- **Description of the task**
Extract every record, keeping each one exactly as it is.
*** Opening of Available records ***
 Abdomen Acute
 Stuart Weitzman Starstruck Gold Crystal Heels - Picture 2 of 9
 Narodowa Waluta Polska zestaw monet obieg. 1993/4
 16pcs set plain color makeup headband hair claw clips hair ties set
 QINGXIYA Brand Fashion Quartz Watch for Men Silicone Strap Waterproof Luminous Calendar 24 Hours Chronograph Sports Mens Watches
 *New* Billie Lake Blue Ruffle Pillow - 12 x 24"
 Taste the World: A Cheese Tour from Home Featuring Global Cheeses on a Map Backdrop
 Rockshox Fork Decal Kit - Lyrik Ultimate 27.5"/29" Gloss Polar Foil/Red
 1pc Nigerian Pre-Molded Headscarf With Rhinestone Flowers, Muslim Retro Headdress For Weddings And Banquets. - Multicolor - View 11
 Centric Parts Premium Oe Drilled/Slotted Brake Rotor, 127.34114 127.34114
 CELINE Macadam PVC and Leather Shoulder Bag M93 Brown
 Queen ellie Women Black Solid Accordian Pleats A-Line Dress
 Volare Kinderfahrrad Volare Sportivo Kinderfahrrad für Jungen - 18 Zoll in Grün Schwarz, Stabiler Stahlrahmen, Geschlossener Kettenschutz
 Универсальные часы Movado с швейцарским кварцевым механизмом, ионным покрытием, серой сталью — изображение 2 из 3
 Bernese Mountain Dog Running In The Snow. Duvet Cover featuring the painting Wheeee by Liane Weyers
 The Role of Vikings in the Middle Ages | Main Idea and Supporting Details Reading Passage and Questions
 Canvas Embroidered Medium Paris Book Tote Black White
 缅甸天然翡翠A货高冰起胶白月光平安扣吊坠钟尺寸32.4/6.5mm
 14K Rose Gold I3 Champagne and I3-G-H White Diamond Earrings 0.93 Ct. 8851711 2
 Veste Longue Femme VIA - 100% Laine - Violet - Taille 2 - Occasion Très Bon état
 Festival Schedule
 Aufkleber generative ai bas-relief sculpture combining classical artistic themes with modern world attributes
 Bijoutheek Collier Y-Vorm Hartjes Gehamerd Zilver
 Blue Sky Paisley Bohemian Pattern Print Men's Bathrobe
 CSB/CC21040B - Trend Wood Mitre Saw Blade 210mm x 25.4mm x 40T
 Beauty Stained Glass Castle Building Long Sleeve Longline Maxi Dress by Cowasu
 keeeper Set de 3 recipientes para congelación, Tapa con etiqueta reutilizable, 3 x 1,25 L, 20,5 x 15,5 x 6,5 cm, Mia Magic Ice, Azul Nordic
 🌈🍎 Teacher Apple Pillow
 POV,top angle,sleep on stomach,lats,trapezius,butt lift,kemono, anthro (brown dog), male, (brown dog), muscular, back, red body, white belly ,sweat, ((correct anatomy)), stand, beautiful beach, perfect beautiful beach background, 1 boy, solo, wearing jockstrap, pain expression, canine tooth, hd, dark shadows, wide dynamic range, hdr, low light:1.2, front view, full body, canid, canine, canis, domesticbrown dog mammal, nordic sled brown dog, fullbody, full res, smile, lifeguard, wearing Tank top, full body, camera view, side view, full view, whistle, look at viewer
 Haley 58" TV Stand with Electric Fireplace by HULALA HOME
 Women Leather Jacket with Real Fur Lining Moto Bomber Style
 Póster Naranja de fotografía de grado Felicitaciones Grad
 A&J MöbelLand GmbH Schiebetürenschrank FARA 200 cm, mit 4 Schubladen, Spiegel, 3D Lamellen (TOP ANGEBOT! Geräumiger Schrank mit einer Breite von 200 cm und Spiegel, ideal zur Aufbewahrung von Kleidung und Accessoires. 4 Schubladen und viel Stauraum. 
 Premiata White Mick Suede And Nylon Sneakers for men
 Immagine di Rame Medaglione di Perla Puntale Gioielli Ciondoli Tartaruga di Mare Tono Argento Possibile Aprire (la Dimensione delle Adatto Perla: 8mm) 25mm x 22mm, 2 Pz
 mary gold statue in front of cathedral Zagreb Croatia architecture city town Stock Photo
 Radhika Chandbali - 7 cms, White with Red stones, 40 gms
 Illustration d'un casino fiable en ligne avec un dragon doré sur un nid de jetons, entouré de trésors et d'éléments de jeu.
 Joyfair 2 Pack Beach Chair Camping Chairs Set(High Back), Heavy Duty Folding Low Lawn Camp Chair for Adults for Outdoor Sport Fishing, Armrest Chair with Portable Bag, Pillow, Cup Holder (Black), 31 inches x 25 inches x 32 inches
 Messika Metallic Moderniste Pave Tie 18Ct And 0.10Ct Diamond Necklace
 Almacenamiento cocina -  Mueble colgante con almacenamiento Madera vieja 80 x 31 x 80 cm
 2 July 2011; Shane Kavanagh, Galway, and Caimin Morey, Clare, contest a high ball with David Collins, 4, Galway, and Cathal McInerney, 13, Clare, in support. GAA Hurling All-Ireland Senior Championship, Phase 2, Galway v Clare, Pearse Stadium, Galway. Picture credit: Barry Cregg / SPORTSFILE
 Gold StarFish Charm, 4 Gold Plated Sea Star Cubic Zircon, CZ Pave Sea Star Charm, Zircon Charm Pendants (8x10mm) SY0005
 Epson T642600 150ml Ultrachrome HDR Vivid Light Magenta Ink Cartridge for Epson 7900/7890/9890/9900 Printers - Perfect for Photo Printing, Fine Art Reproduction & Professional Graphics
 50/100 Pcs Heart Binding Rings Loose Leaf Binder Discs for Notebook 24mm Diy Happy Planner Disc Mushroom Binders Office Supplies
*** Close of Available records ***
- **Reply**
 Abdomen Acute
 Stuart Weitzman Starstruck Gold Crystal Heels - Picture 2 of 9
 Narodowa Waluta Polska zestaw monet obieg. 1993/4
 16pcs set plain color makeup headband hair claw clips hair ties set
 QINGXIYA Brand Fashion Quartz Watch for Men Silicone Strap Waterproof Luminous Calendar 24 Hours Chronograph Sports Mens Watches
 *New* Billie Lake Blue Ruffle Pillow - 12 x 24"
 Taste the World: A Cheese Tour from Home Featuring Global Cheeses on a Map Backdrop
 Rockshox Fork Decal Kit - Lyrik Ultimate 27.5"/29" Gloss Polar Foil/Red
 1pc Nigerian Pre-Molded Headscarf With Rhinestone Flowers, Muslim Retro Headdress For Weddings And Banquets. - Multicolor - View 11
 Centric Parts Premium Oe Drilled/Slotted Brake Rotor, 127.34114 127.34114
 CELINE Macadam PVC and Leather Shoulder Bag M93 Brown
 Queen ellie Women Black Solid Accordian Pleats A-Line Dress
 Volare Kinderfahrrad Volare Sportivo Kinderfahrrad für Jungen - 18 Zoll in Grün Schwarz, Stabiler Stahlrahmen, Geschlossener Kettenschutz
 Универсальные часы Movado с швейцарским кварцевым механизмом, ионным покрытием, серой сталью — изображение 2 из 3
 Bernese Mountain Dog Running In The Snow. Duvet Cover featuring the painting Wheeee by Liane Weyers
 The Role of Vikings in the Middle Ages | Main Idea and Supporting Details Reading Passage and Questions
 Canvas Embroidered Medium Paris Book Tote Black White
 缅甸天然翡翠A货高冰起胶白月光平安扣吊坠钟尺寸32.4/6.5mm
 14K Rose Gold I3 Champagne and I3-G-H White Diamond Earrings 0.93 Ct. 8851711 2
 Veste Longue Femme VIA - 100% Laine - Violet - Taille 2 - Occasion Très Bon état
 Festival Schedule
 Aufkleber generative ai bas-relief sculpture combining classical artistic themes with modern world attributes
 Bijoutheek Collier Y-Vorm Hartjes Gehamerd Zilver
 Blue Sky Paisley Bohemian Pattern Print Men's Bathrobe
 CSB/CC21040B - Trend Wood Mitre Saw Blade 210mm x 25.4mm x 40T
 Beauty Stained Glass Castle Building Long Sleeve Longline Maxi Dress by Cowasu
 keeeper Set de 3 recipientes para congelación, Tapa con etiqueta reutilizable, 3 x 1,25 L, 20,5 x 15,5 x 6,5 cm, Mia Magic Ice, Azul Nordic
 🌈🍎 Teacher Apple Pillow
 POV,top angle,sleep on stomach,lats,trapezius,butt lift,kemono, anthro (brown dog), male, (brown dog), muscular, back, red body, white belly ,sweat, ((correct anatomy)), stand, beautiful beach, perfect beautiful beach background, 1 boy, solo, wearing jockstrap, pain expression, canine tooth, hd, dark shadows, wide dynamic range, hdr, low light:1.2, front view, full body, canid, canine, canis, domesticbrown dog mammal, nordic sled brown dog, fullbody, full res, smile, lifeguard, wearing Tank top, full body, camera view, side view, full view, whistle, look at viewer
 Haley 58" TV Stand with Electric Fireplace by HULALA HOME
 Women Leather Jacket with Real Fur Lining Moto Bomber Style
 Póster Naranja de fotografía de grado Felicitaciones Grad
 A&J MöbelLand GmbH Schiebetürenschrank FARA 200 cm, mit 4 Schubladen, Spiegel, 3D Lamellen (TOP ANGEBOT! Geräumiger Schrank mit einer Breite von 200 cm und Spiegel, ideal zur Aufbewahrung von Kleidung und Accessoires. 4 Schubladen und viel Stauraum. 
 Premiata White Mick Suede And Nylon Sneakers for men
 Immagine di Rame Medaglione di Perla Puntale Gioielli Ciondoli Tartaruga di Mare Tono Argento Possibile Aprire (la Dimensione delle Adatto Perla: 8mm) 25mm x 22mm, 2 Pz
 mary gold statue in front of cathedral Zagreb Croatia architecture city town Stock Photo
 Radhika Chandbali - 7 cms, White with Red stones, 40 gms
 Illustration d'un casino fiable en ligne avec un dragon doré sur un nid de jetons, entouré de trésors et d'éléments de jeu.
 Joyfair 2 Pack Beach Chair Camping Chairs Set(High Back), Heavy Duty Folding Low Lawn Camp Chair for Adults for Outdoor Sport Fishing, Armrest Chair with Portable Bag, Pillow, Cup Holder (Black), 31 inches x 25 inches x 32 inches
 Messika Metallic Moderniste Pave Tie 18Ct And 0.10Ct Diamond Necklace
 Almacenamiento cocina -  Mueble colgante con almacenamiento Madera vieja 80 x 31 x 80 cm
 2 July 2011; Shane Kavanagh, Galway, and Caimin Morey, Clare, contest a high ball with David Collins, 4, Galway, and Cathal McInerney, 13, Clare, in support. GAA Hurling All-Ireland Senior Championship, Phase 2, Galway v Clare, Pearse Stadium, Galway. Picture credit: Barry Cregg / SPORTSFILE
 Gold StarFish Charm, 4 Gold Plated Sea Star Cubic Zircon, CZ Pave Sea Star Charm, Zircon Charm Pendants (8x10mm) SY0005
 Epson T642600 150ml Ultrachrome HDR Vivid Light Magenta Ink Cartridge for Epson 7900/7890/9890/9900 Printers - Perfect for Photo Printing, Fine Art Reproduction & Professional Graphics
 50/100 Pcs Heart Binding Rings Loose Leaf Binder Discs for Notebook 24mm Diy Happy Planner Disc Mushroom Binders Office Supplies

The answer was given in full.